‘AirTalk’ Live – One Small Step, 50 Years Later
Fifty years ago, on July 20, 1969, more than 600 million people worldwide tuned in to watch astronauts Neil Armstrong and Buzz Aldrin become the first humans to set foot on the moon.
Armstrong’s famous words as he took those first steps were no exaggeration; the moon landing was unquestionably a “giant leap for mankind.” That momentous day changed science, technology, and culture in ways that are still being felt today.
Audienced joined a live broadcast of “AirTalk” with Larry Mantle on July 19 in our Crawford Family Forum as Larry and a panel of guests commemorated the 50th anniversary of the Apollo 11 landing and looked at its impact on the Southern California region.
John Casani – veteran JPL chief engineer who joined the early Pioneer moon program and went on to lead several of NASA’s missions to deep space, including the designs for the Ranger and Mariner spacecrafts. In 2009, he was honored with the Smithsonian National Air and Space Museum's prestigious lifetime achievement award, the museum’s highest honor.
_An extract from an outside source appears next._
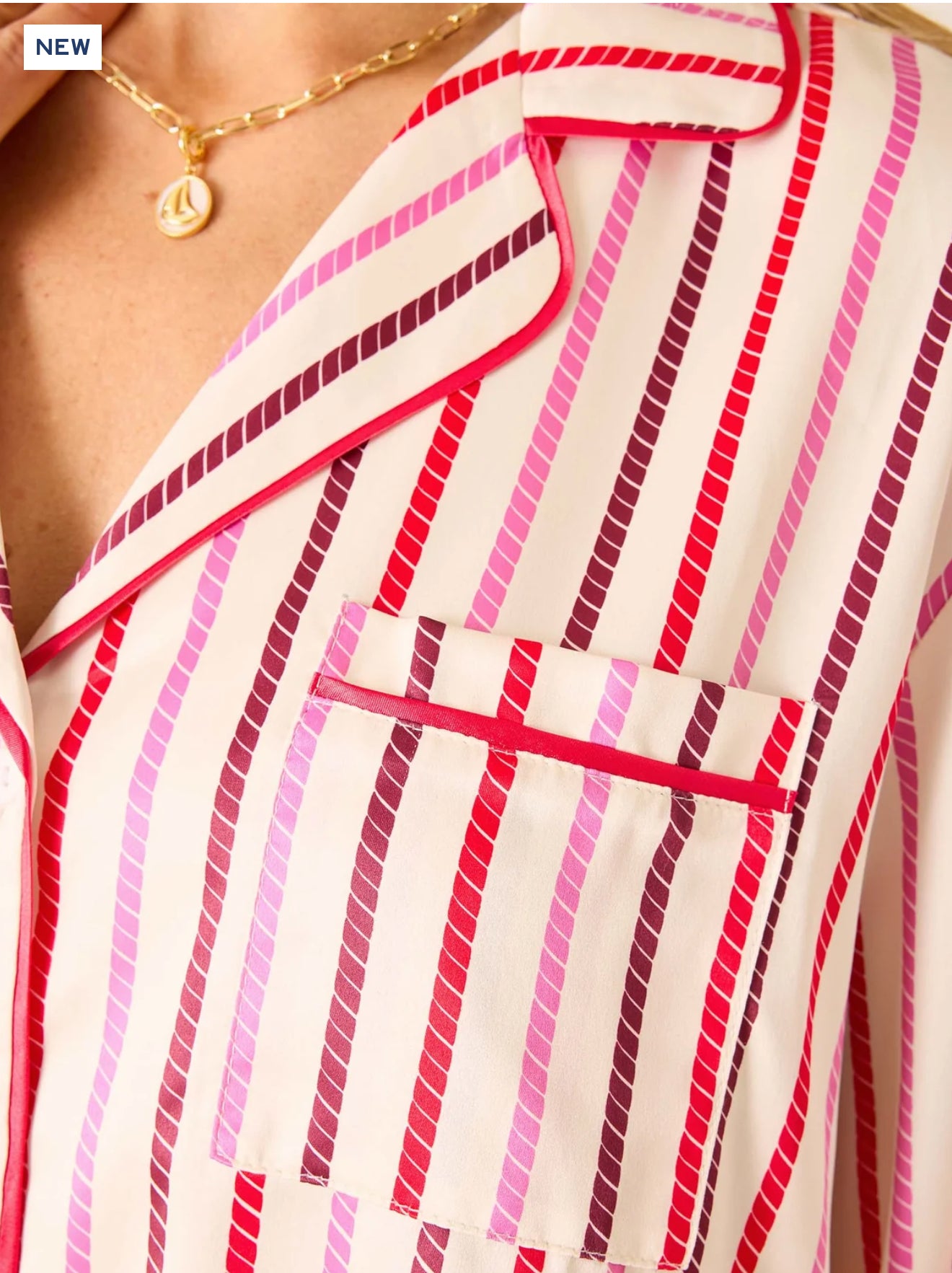 MERSEA | Satin Sailor PJ Set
Peter J. Westwick – director of the Aerospace History Project at the Huntington-USC Institute on California and the West. He’s a research professor of history at USC and the editor and author of several books, including “Blue Sky Metropolis: The Aerospace Century in Southern California” (2012 Huntington Library and University of California Press) and “Into the Black: JPL and the American Space Program, 1976–2004” (2011 Yale University Press)
Anita Sengupta – rocket scientist, aerospace engineer, and research associate professor of astronautics at USC. She was an entry, descent, and landing (EDL) engineer at NASA’s Jet Propulsion Laboratory for 16 years and responsible for the supersonic parachute system integral for the Curiosity Rover landing on Mars in 2012. She tweets @Doctor_Astro.
The event also featured a prerecorded interview with Frances “Poppy” Northcutt, the first woman to work in an operational support role at NASA’s Mission Control Center in Houston during the Apollo program. She tweets at @poppy_northcutt and was also featured in the documentary film “Apollo 11: First Steps Edition.”